WHAT NEEDS TO BE DONE: Your answer should consist solely of the lines from the one holding "Di-2-ANEPPS-Structure" through the final line of the entries, reproduced exactly and without pictures.

Short text fragments from websites:
[Start of Attachment]

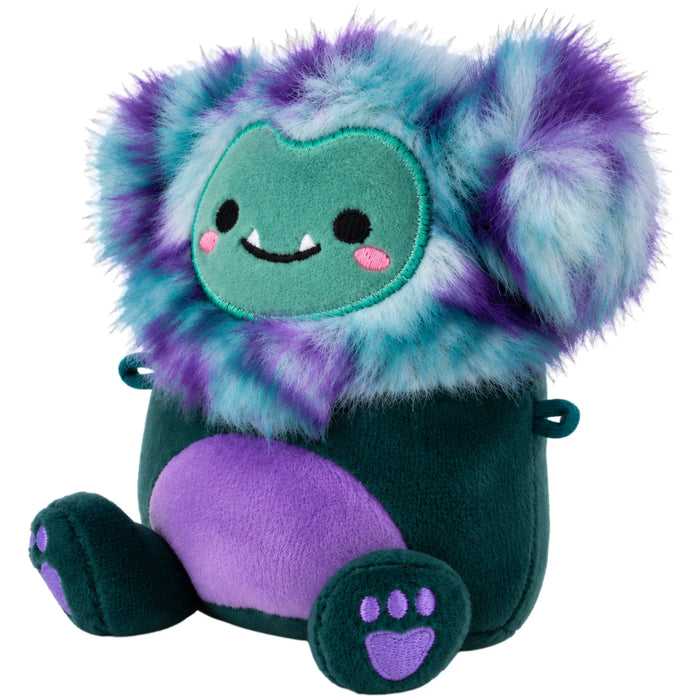 Squishmallows - JT the Bigfoot Plush (3") - Jazwares - Micromallows Select Series - (2025)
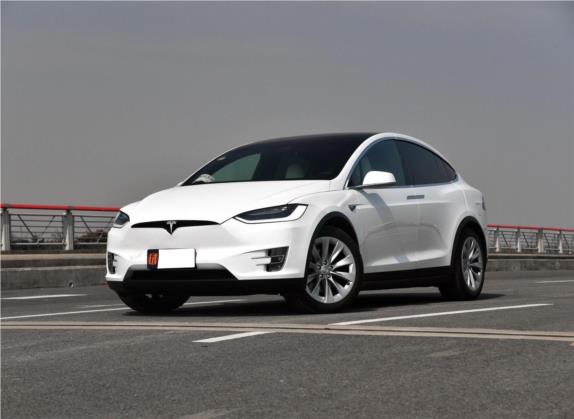 Model X 2017款 Model X 100D 长续航版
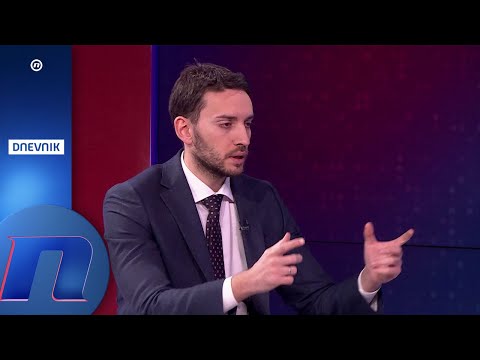 RAZGOVOR O VESTI: Pavle Grbović PSG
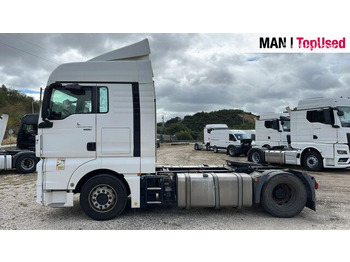 Nyergesvontató MAN TGX 18.480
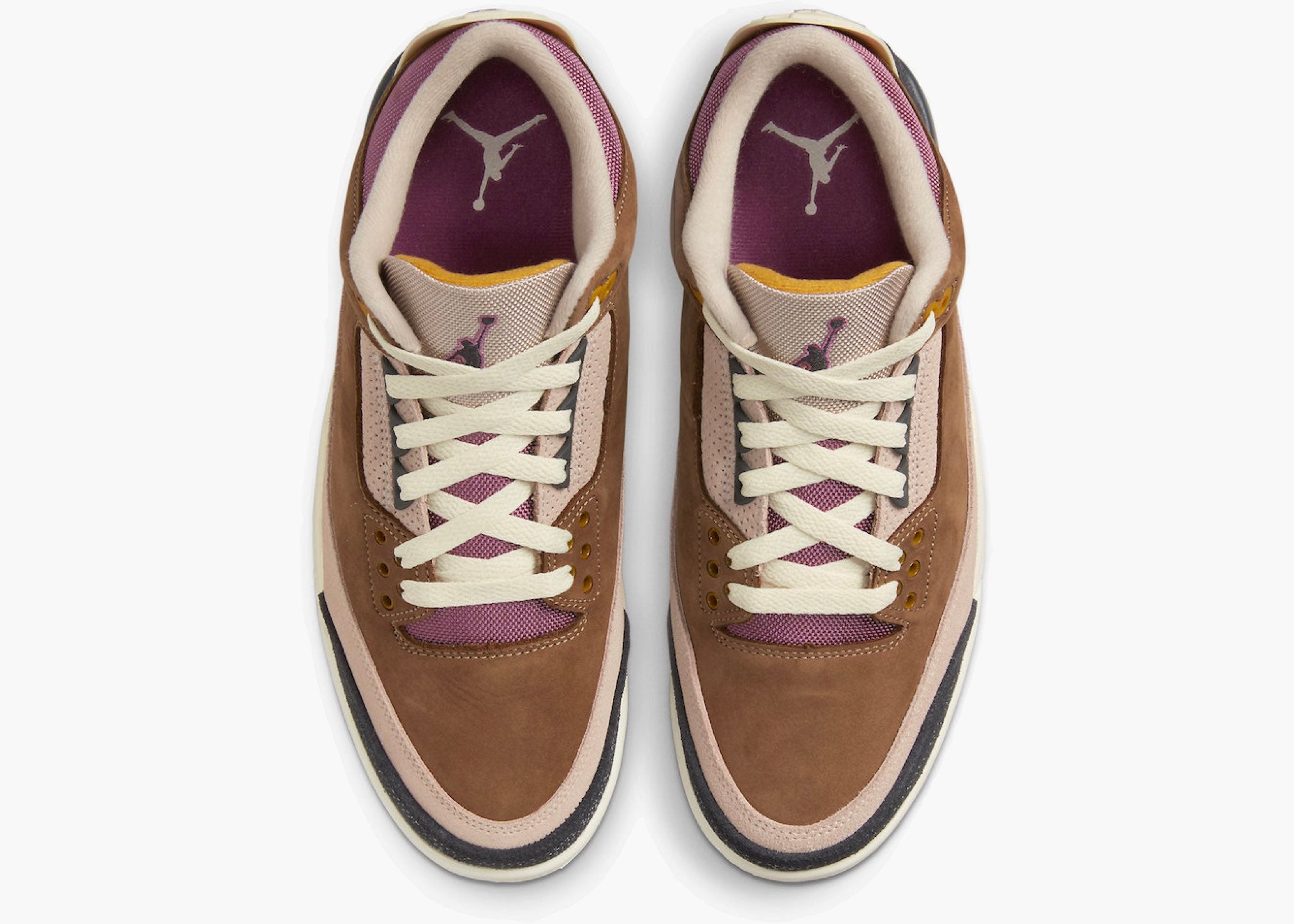 Jodan 3 Retro Winterized Archaeo Brown Hype Clothinga Limited Edition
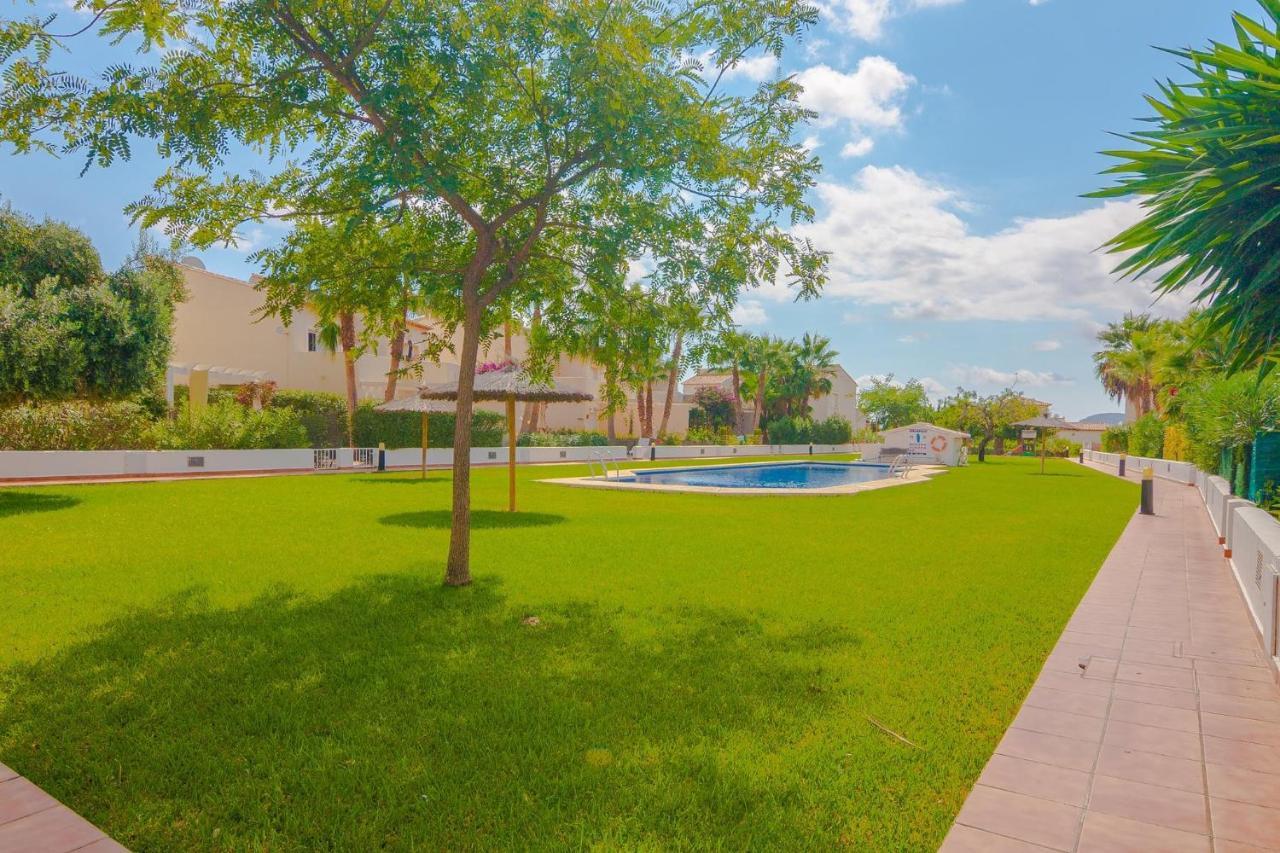 Villas Guzman Margaret Calp Dış mekan fotoğraf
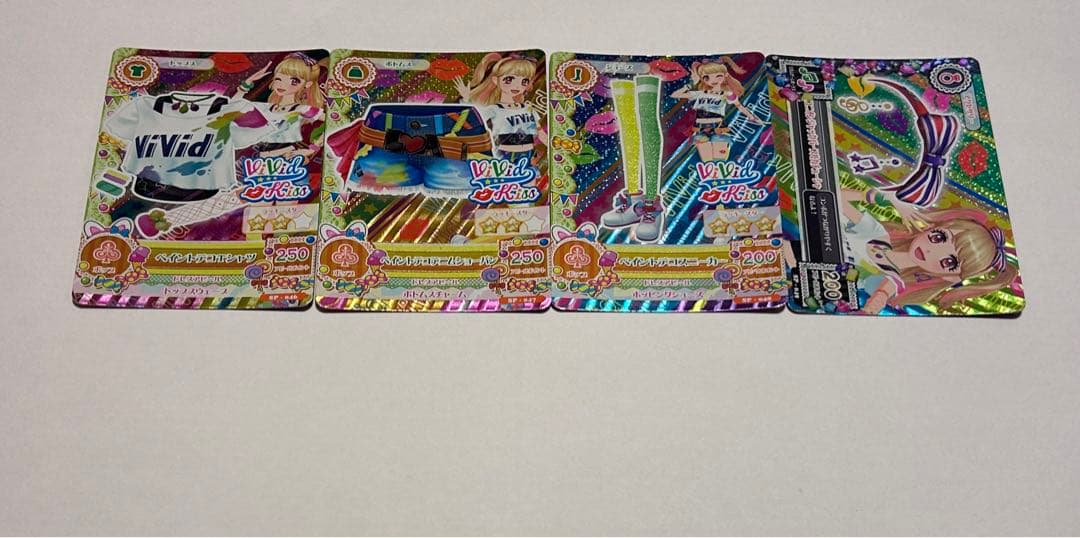 アイカツカード　プレミアム　ポップ　まとめ売り　⚠️明日まで⚠️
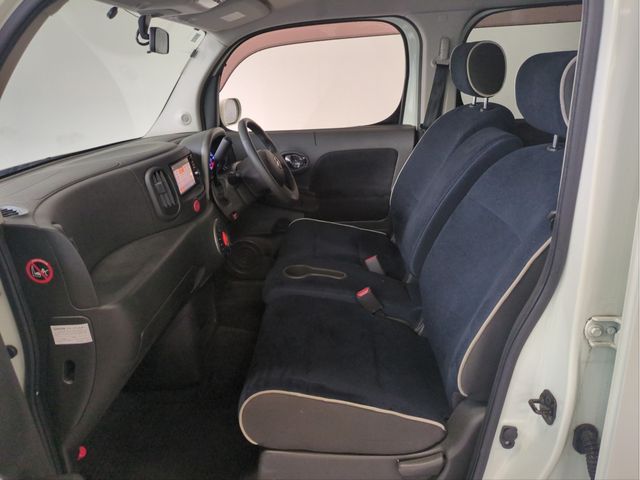 NISSAN CUBE 2012 Image 31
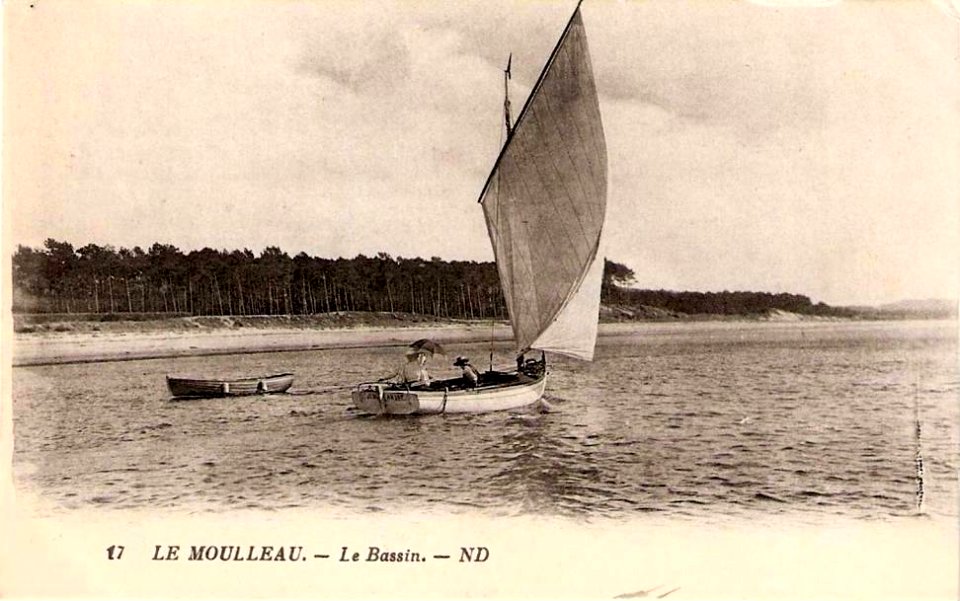 Arcachon - Bassin plaisance 12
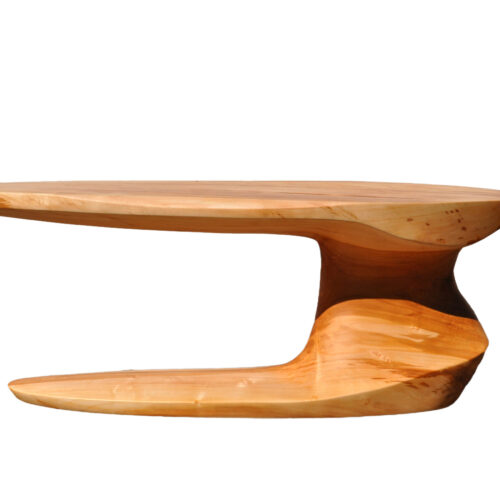 Unique Signed Table by Jรถrg Pietschmann 1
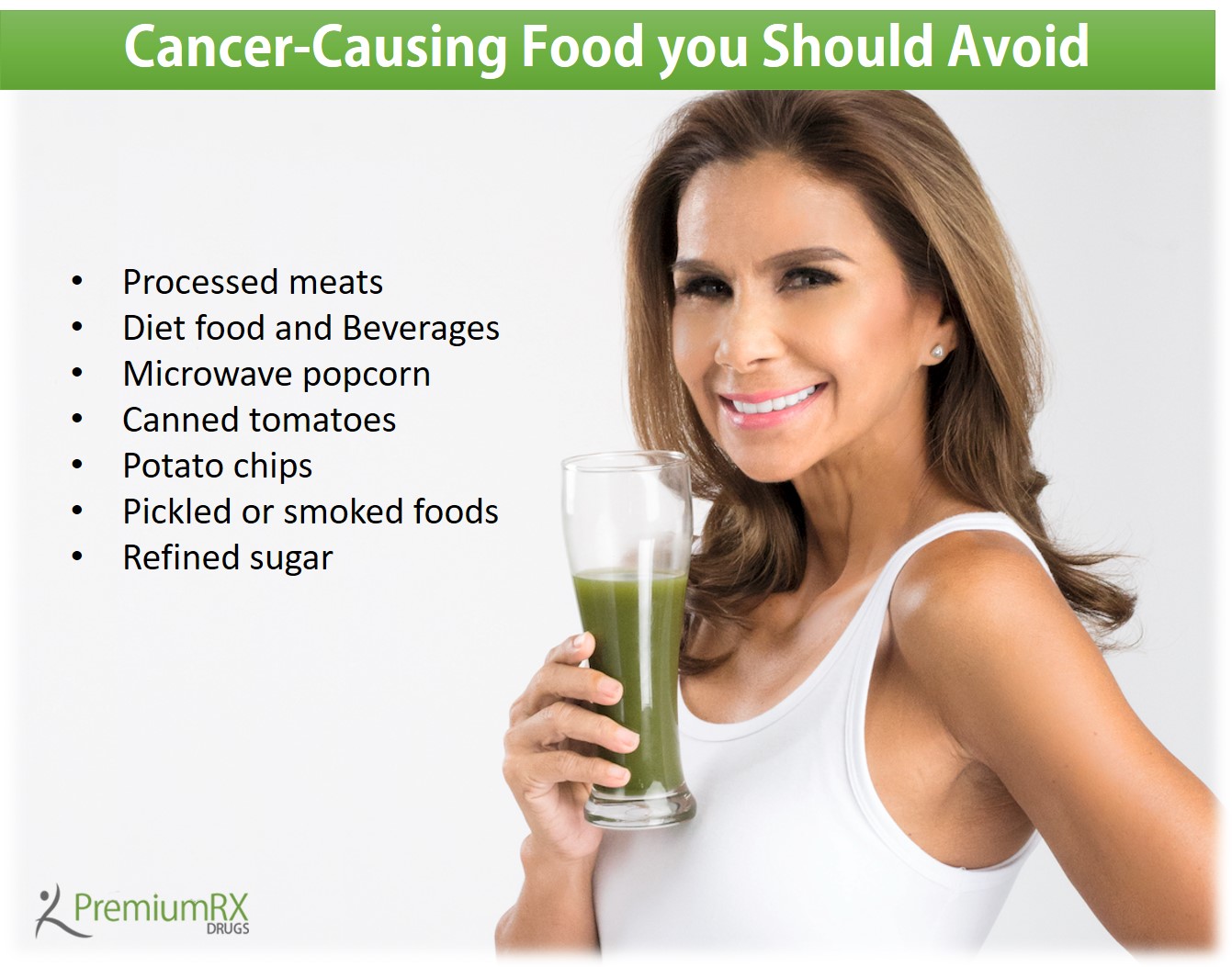 Cancer-Causing Foods
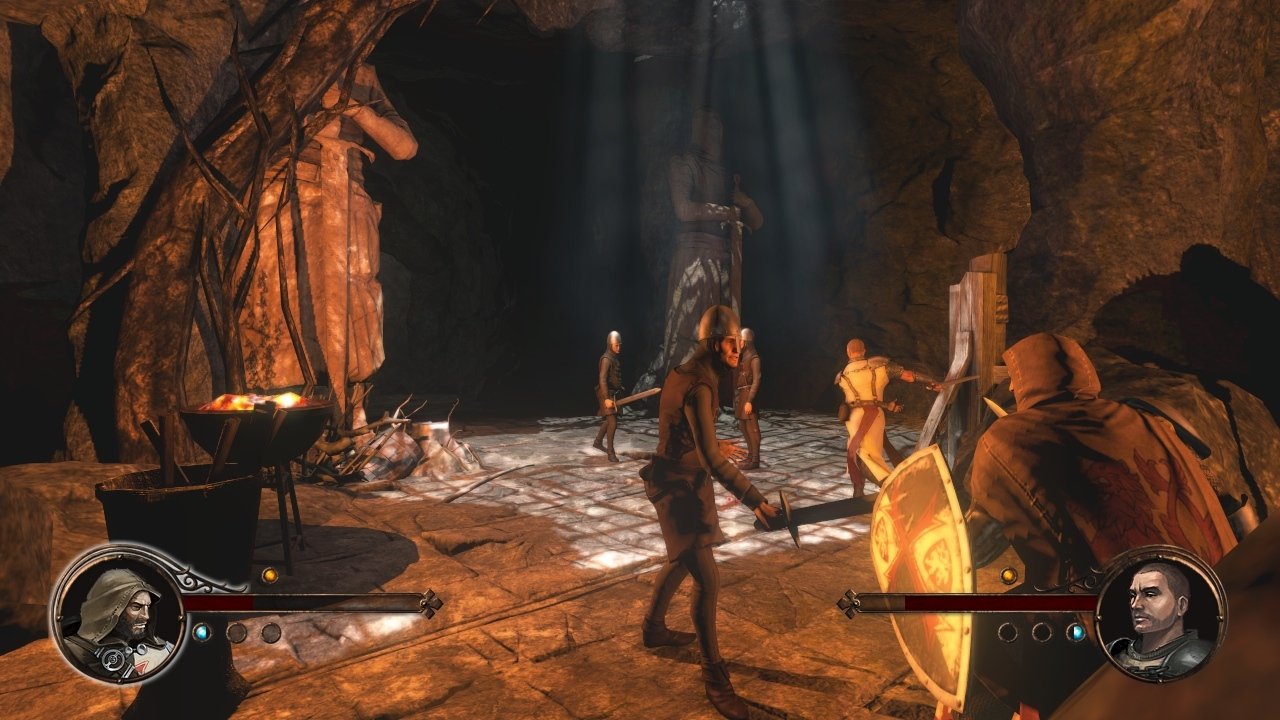 The First Templar — скриншот 5
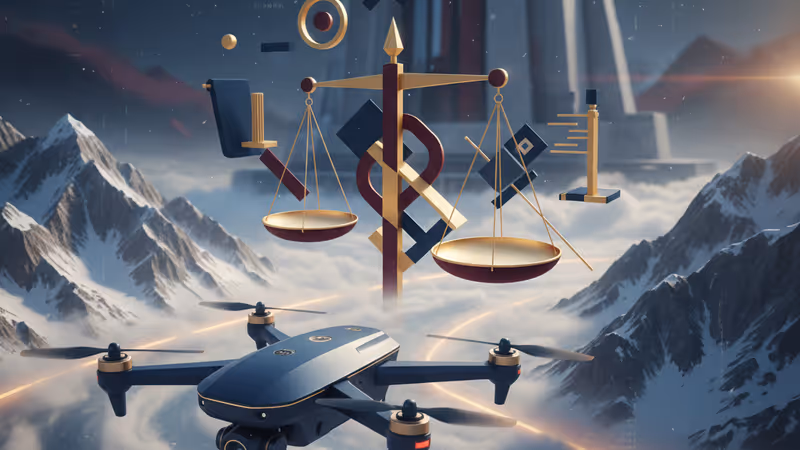 位於首爾的韓國總統府青瓦臺全景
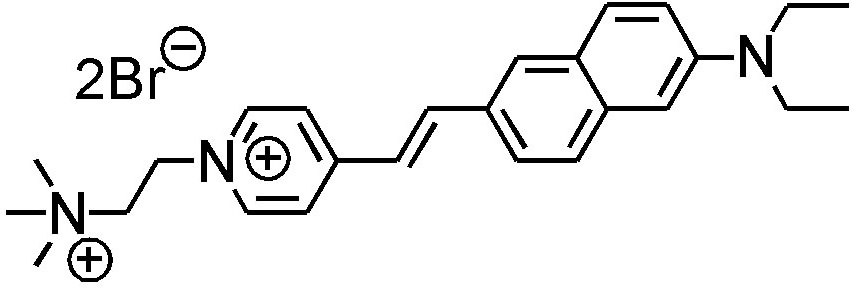 Di-2-ANEPPS-Structure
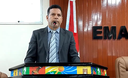 Markson Barbosa destaca visita do Deputado Federal Silas Câmara a Manicoré Markson Barbosa destaca visita do Deputado Federal Silas Câmara a Manicoré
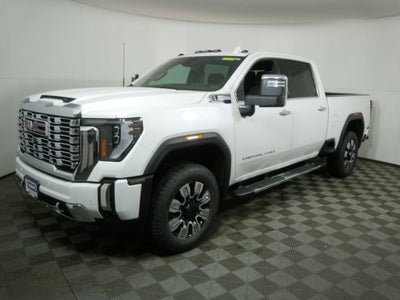 2024 GMC Sierra 3500 HD Denali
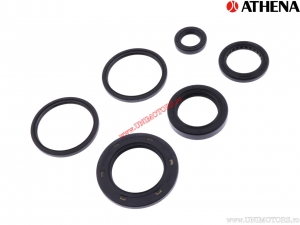 Kit de sellos de aceite para motor - Honda FES 250 Foresight 4T LC ('00-'01) / Jazz 250 ('01) - Athena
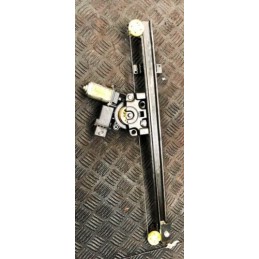 2012-2014 CITROEN RELAY 35 L3H2 2.2 LH WINDOW REGULATOR WITH MOTOR 1368922080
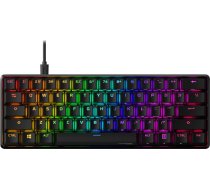 Tastatūra Hyperx Alloy Origins 60 Red (hkbo1s-rb-us/g)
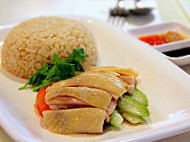 U.k Chicken Rice food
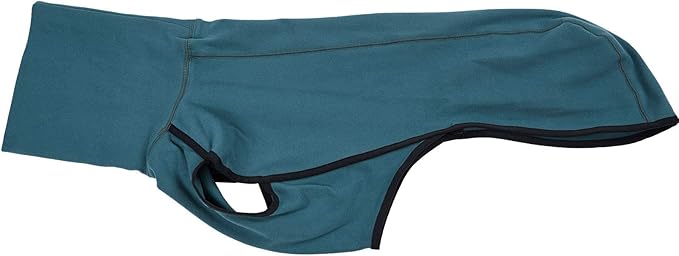 Esobo Warm Pet Clothes Winter Dog Coat Soft Shirt Vest for Small Medium Large Dogs (XX-Small, Lake Blue)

[End of Attachment]

REPLY:
 Di-2-ANEPPS-Structure
 Markson Barbosa destaca visita do Deputado Federal Silas Câmara a Manicoré Markson Barbosa destaca visita do Deputado Federal Silas Câmara a Manicoré
 2024 GMC Sierra 3500 HD Denali
 Kit de sellos de aceite para motor - Honda FES 250 Foresight 4T LC ('00-'01) / Jazz 250 ('01) - Athena
 2012-2014 CITROEN RELAY 35 L3H2 2.2 LH WINDOW REGULATOR WITH MOTOR 1368922080
 Tastatūra Hyperx Alloy Origins 60 Red (hkbo1s-rb-us/g)
 U.k Chicken Rice food
 Esobo Warm Pet Clothes Winter Dog Coat Soft Shirt Vest for Small Medium Large Dogs (XX-Small, Lake Blue)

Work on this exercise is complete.